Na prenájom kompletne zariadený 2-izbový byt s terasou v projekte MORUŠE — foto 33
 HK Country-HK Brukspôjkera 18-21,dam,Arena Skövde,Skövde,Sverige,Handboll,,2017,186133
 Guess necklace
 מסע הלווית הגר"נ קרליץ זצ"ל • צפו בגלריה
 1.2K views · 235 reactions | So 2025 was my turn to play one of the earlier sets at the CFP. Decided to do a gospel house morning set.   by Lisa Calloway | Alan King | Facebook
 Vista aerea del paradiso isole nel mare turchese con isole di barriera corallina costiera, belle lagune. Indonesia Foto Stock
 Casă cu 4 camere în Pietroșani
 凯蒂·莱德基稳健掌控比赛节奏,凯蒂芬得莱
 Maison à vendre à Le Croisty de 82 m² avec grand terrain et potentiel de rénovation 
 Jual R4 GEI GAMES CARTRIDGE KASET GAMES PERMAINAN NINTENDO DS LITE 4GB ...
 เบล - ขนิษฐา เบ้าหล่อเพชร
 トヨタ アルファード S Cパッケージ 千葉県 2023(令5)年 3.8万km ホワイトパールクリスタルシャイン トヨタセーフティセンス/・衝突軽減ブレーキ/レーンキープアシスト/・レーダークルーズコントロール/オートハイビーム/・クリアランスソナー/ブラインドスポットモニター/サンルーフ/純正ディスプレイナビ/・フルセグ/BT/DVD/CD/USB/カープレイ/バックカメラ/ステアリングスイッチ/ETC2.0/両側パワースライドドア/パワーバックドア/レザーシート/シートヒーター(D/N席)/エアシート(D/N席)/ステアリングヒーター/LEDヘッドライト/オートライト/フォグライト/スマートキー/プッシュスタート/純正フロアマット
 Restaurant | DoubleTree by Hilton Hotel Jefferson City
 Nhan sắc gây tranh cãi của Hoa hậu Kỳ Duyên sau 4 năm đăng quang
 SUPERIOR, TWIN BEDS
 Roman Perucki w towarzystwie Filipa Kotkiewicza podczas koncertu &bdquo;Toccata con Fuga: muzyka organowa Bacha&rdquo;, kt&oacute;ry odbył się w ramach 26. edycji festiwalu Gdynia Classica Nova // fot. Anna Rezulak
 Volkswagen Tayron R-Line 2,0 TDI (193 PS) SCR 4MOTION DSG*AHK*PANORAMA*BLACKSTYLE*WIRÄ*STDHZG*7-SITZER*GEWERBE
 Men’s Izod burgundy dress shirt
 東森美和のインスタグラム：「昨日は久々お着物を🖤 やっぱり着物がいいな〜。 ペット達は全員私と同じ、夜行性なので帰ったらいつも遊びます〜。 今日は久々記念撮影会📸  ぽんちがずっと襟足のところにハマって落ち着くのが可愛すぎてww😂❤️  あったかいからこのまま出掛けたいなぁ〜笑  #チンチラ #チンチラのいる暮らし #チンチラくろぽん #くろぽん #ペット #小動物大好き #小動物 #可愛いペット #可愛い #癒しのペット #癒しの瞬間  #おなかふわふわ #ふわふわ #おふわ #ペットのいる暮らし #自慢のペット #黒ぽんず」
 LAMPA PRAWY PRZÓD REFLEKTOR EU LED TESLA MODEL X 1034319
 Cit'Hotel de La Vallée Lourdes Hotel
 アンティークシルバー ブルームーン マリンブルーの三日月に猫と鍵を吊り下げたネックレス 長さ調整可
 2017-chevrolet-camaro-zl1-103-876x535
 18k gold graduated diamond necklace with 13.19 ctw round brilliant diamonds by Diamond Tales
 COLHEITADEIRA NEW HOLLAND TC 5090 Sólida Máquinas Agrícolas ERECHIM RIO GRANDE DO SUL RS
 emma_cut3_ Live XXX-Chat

▶ [Aim of the task]: Using the listing above, pick out each line that contains the word "necklace", then copy it.

▶ [Response for this exercise]:
 Guess necklace
 18k gold graduated diamond necklace with 13.19 ctw round brilliant diamonds by Diamond Tales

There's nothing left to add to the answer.